Tuesday, April 7, 2009

vector portrait

Andolina - Neuroaesthetics

This was one of the most interesting articles I  have read to date.  I never would have thought famous artists  working in this way. I feel each brain sees the world as it wants to be seen, just as the famous saying "beauty is in the eye of the beholder". I am wondering if this "innate" understanding of how the brain sees the world embodies more of us than just famous artists.
Zeki also mentions how one can deceive oneself when looking at art in its context, or say falling in love. He has a very scientific way of looking at art and the brain while looking at art. The article also mentions the values of art and how we are easily persuaded.
The part that interested me the most is when Zeki talks about someone having an "an eye", and could spot a fake from a real piece of art. I had recently read a book by Malcom Gladwell that mentioned instincts and had a story based on a piece of artwork that was a fake. 
This article does seem to bring a new and different light to art and its importance, especially on a scientific level.  

Lorenz: Neuroaesthetics

This was such a fascinating article!  One of the things that I found to be of particular interest was when it mentioned how our brain actually perceives a work of art.  First we register the colors, followed by form, then motion, etc.  If you really think about it, it is color that you notice first, and which draws you in to see more.  
I also found interesting the idea that a piece of art might seem more beautiful or important if it's located in a museum with a great reputation.  The example given of Duchamp's "Fountain" is an excellent example of this.  If we didn't know that it was supposed to be important, that it was done by a famous artist, or if it was in a small gallery as opposed to a major art museum, would we be interested in it at all?  

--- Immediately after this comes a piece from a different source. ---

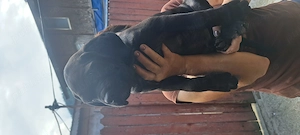 Caini Cane Corso,au 10 săptămâni, toată schema de vaccinare,carnet de sanatate,provin din părinți ca - imagine 3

The part of Zeki’s research I find most interesting is the experiment that explores the brain’s response to art in relation to the context in which it is viewed. Does the brain react differently to work viewed in a museum/gallery versus art displayed in the streets? Is the rate we fire neurological messages dependant on if we see the art in person versus a reproduction? These are questions I would love to see explored…
Zeki’s research shows that we can measure how the brain reacts in various speeds to particular aspects of a work of art: color, form, motion, etc. The field of neuroaesthetics is fascinating and this research will undoubtedly provide new insights into the way we experience art. However, Neuroaesthetics doesn’t provide us with the full picture. Yes, our neurological makeup impacts how we perceive art, but there are many other factors that affect our experience in equally as profound and personal ways. Our memories, past experiences, particular mood- these are all factors that shape our aesthetic experience, and things that (as far as I know) can not be measured on an MRI.


Tallsman’s article brings up some really interesting points- particularly the idea of authenticity. She notes the difference between an authentic object and an authentic experience. She claims that in this day and age, authenticity has supplanted beauty as the primary criterion of value. This is definitely true- people tend to be so caught up and concerned in the authenticity or “realness” of an object/piece of art, that they fail to recognize and appreciate it’s beauty or aesthetic appeal.
Knowing Greenways films, I didn’t really now what to expect with the project. (Did anyone else see the Pillow Book? Its crazy!) I thought that a lot more of the personal voice of the director would be present, and I was pleased to see that it wasn’t! After watching the video, I became kind of fascinated with this piece and while I can see how some people might be opposed to altering such a monumental work of art, I personally found it to be both aesthetically pleasing and emotionally engaging. To my pleasant surprise, the projections seemed quite natural and harmonious when combined with the original work.

Clements: Neuroaesthetics Article Response

I loved this article. I have always been fascinated by the connections between art and science; this seems to be a true blend of the two. Zenki's research about the connection between visual appeal aka "beauty" and it's correlation to brain impulses and responses may prove to have a tremendous impact on art making in the future. If we knew exactly what was appealing to viewers on a neurological level, wouldn't it be easy to create art that was in high demand and thus very lucrative? Would this be beneficial or a detriment to the authenticity of the artistic process?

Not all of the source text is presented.